Journal des arts et métiers: 
Que propose la Commission de 
l’énergie du Conseil national pour soutenir le secteur hydroélectrique?

n Urs Gasche: Si seulement je le savais précisément! Ce que je sais, je le dois aux journaux! Nous avons ainsi vu cette proposition de la part de six entreprises d’approvisionnement en électricité, qui souhaitaient que les PME et les ménages en particulier paient un surcoût pour l’approvisionnement de base. Avec cette prime, 500 à 700 millions de francs par année seraient encaissés par les producteurs souffrant du bas niveau des prix. Cette proposition a apparemment été rejetée et une autre voie recherchée pour soutenir les entreprises hydroélectriques existantes.

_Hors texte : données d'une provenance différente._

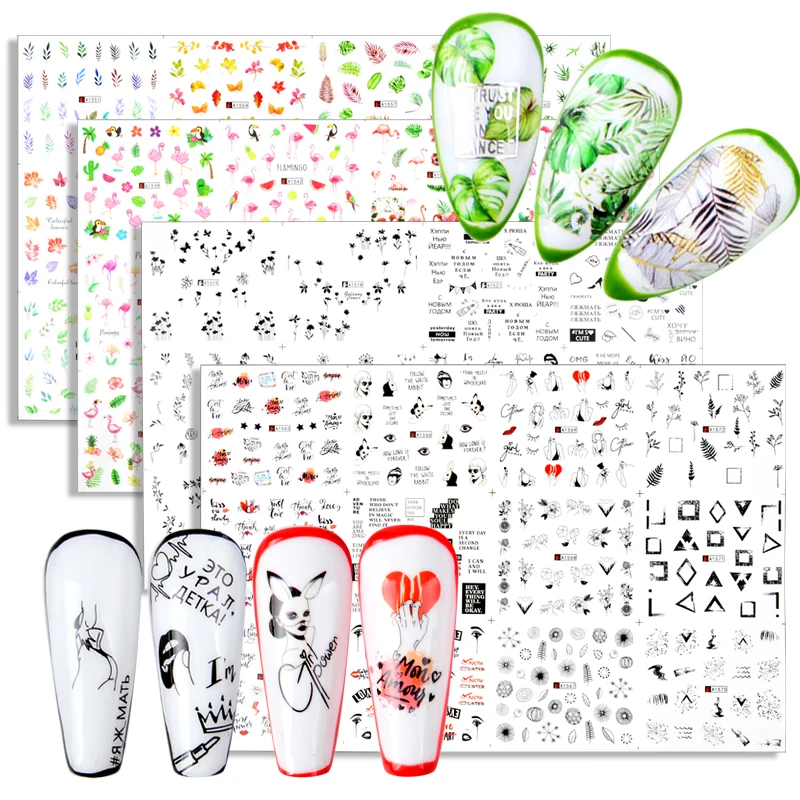 

12 типов наклеек на ногти цветочный дизайн переводной слайдер для маникюра летние декоративные фольги для ногтевого дизайна наклейки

ENTREPRISE ÉLECTRIQUE: «elle NE DOIT PAS 
NéCESSAIREMENT 
DISPOSER de sa PROPRE production!»

Selon ce nouveau modèle, le client au bénéfice de l’approvisionnement de base serait obligé de payer au prix de revient du courant issu de l’hydroélectrique. La mise en œuvre n’est pas encore claire, mais on peut valoriser ce que les privés et les PME devraient payer entre 300 et 500 millions de francs.

Ce faisant, les entreprises hydro­électriques bénéficient de trois sources de subventions: la rente de monopole du service universel, la rétribution à prix coûtant (RPC) et maintenant cette prime. Comment jugez-vous ce nouveau privilège?

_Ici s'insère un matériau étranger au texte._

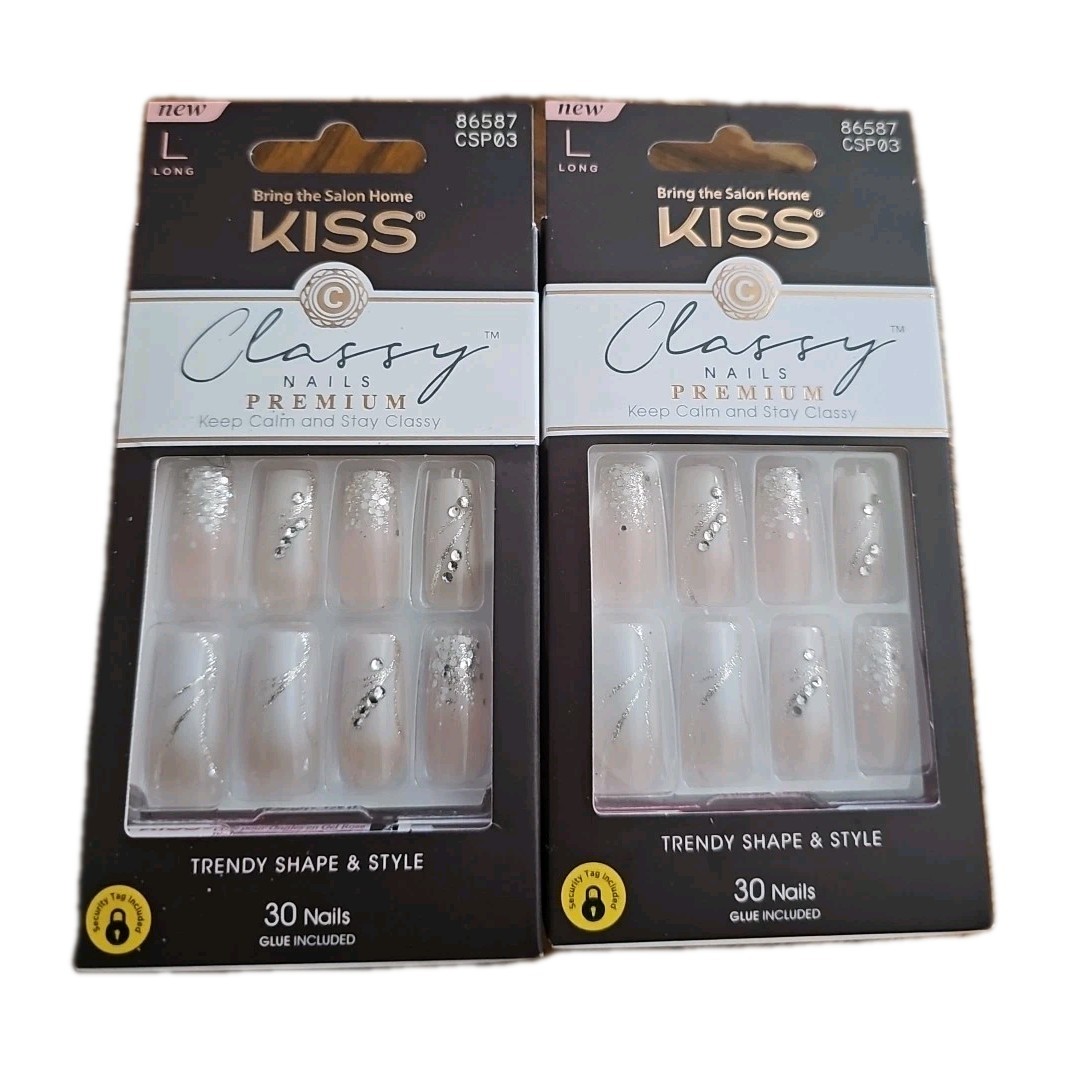 2X KISS Classy Premium Press On Nails Long French Rhinestone Glue Included 30ct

n Je n’irais pas aussi loin. Le terme de «rente de monopole» ne me semble pas adéquat. Il y a eu la volonté politique dans notre pays de faire en sorte que les clients de détail puissent acheter à des prix réglementés, qu’ils soient du même coup protégés du marché. Les producteurs sans clients dans l’approvisionnement de base ont pu profiter des prix élevés du marché, les autres non. Maintenant, la situation a changé. Les ventes sur le marché sont moins profitables car les prix sont très bas.

Quant à la rétribution, elle n’est pas une subvention pour des installations existantes, mais bien plutôt une incitation pour la construction de petites installations hydroélectriques. Cela dit, la grande hydroélectrique peut – si la Stratégie énergétique est adoptée – bénéficier d’une prime de marché pour les installations existantes non rentables et compter sur l’importante aide à l’investissement. Ce dernier point est à mon avis le seul qui fasse sens, car il ne s’agit que d’une incitation à investir efficacement dans le maintien et l’expansion de l’hydro­électrique.

Est-il encore possible aujourd’hui d’être «simplement» une entreprise électrique ou la dépendance à l’égard des subventions est-elle nécessaire?

n On peut être de nos jours une bonne entreprise électrique (EE) sans être producteur de courant. De nombreuses EE de notre pays achètent du courant en bourse et le vendent en réalisant un profit.

Que peut donc faire la politique pour aider le secteur hydroélectrique dans le respect des règles 
du marché?

n La question est mal posée. Ceci parce que nous mélangeons deux choses. Premièrement, l’Etat doit-il soutenir les EE qui se trouvent en difficulté financière? En second, voulons-nous sécuriser une certaine quantité de courant électrique produite dans le pays? Je pense que cela fait sens au plan économique de soutenir les EE qui ont des problèmes financiers. Cela à condition que celui qui participe, cela pourrait être la Confédération, puisse en tirer parti également lorsque les choses s’améliorent. Quant à l’assurance donnée par le législateur sur la production propre, elle fait sens aussi. Cela peut se faire au sens de l’économie de marché, en préparant cette production. Tout cela serait décrit dans une offre publique et remboursé, de manière analogue au secteur des assurance.

Pourquoi diaboliser les importations de courant? La Suisse importe bel et bien des denrées alimentaires, des automobiles, et ne s’en porte pas plus mal?

n Vous avez raison. Je ne crois pas non plus que l’on devrait diaboliser les importations de courant. La question, toutefois, consiste à savoir si nous voulons prendre le risque de nous retrouver sans courant au cas où la quantité importée ne suffirait pas. Comme par exemple si la France arrêtait quelques centrales nucléaires ou si l’Allemagne redécouvrait soudainement toute la problématique sur le CO2 et par voie de conséquence supprimait un certain nombre de centrales à charbon.